Should the parser be made to ignore the first hard newline after

[text]? This would make it easier to write and read boxed-quoted text in scripts.



For example: here is how we currently write 2 indented paragraphs:

[text]___words words words words

words words words words etc

words words words words etc  

words words words words etc

___words words words words

words words words words etc

words words words words etc

words words words words etc

[/text]



If the first hard newline is ignored, we can instead do this

[text]

___words words words words

words words words words etc

words words words words etc  

words words words words etc

___words words words words

words words words words etc

words words words words etc

words words words words etc

[/text]



I'm guessing the first real-world difference will be felt on the board:

when we use the style for 'code'.

Question: Should this be extended to the hard newline before [/text]?

i.e. at the end of the quoted text.  I don't know.



Lucas
small\'s beautiful

Lutz

#1
So basically the [text], [/text] tags would always be on a line by itself. I am not sure ... I have to think about this a little bit longer. It is practical for the situation you describe (and I have run into the same situation many times), on the other side I have used [text], [/text]  many times in a flowing line, and on purpose too. Remember that the [text],[/text] tags are not only for the situation, where you have buffers > 2048 characters but are also used as the only delimiters, which completely suppress any other processing of escape characters, quotes etc.. I also wonder what others think?



Lutz

Sammo

#2
Please leave [text][/text] as they are. I, too, use them 'inline' when passing long text strings to newLisp.dll via Hans-Peter's NeoBook interface.

eddier

#3
I wished [text][/text] was the {}.

Instead of "", [text][/text], and {} just have "" and {}.



Just my two cents.



Eddie

lwix

#4
Quote from: "Lutz"So basically the [text], [/text] tags would always be on a line by itself. I am not sure ... I have to think about this a little bit longer...



Lutz

Not at all.



I shall be more precise: the parser would ignore the first newline only if the newline exists.
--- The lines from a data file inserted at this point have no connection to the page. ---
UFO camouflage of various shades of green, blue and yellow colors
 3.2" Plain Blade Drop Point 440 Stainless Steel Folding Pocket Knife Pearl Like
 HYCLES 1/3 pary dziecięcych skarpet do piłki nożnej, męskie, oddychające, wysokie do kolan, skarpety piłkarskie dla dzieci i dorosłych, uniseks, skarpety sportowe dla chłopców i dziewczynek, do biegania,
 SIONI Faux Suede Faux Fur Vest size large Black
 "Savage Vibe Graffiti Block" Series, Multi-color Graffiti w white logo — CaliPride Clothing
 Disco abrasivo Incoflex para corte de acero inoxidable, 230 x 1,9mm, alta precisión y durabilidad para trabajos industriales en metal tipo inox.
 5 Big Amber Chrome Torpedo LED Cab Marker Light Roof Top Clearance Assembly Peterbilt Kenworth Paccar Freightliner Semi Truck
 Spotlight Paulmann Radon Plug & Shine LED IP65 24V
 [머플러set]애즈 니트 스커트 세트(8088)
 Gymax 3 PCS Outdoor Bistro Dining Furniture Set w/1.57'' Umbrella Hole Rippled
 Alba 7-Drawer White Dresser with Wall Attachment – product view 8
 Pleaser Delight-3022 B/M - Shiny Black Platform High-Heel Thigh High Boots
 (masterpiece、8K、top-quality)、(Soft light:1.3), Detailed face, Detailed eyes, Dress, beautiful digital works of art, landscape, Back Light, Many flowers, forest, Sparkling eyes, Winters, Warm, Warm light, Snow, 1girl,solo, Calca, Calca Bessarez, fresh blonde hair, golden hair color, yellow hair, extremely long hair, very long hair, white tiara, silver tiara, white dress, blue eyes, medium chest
No current code will be affected except those that already have an explicit newline.  In this case, another newline will have to be added.



So the proposed change makes the following equivalent:



[text]hello world

hello world

[/text]



will parse the same as



[text]

hello world

hello world

[/text]



In the second example, because the parser finds a single newline as the first character after [text], it skips it.  It does not skip any arbitrary character, only if it is a newline.  So we can continue to use [text][/text] either way without change.  Hence, the proposal does not break the style of coding where we place [text]hello there[/text] on the same line.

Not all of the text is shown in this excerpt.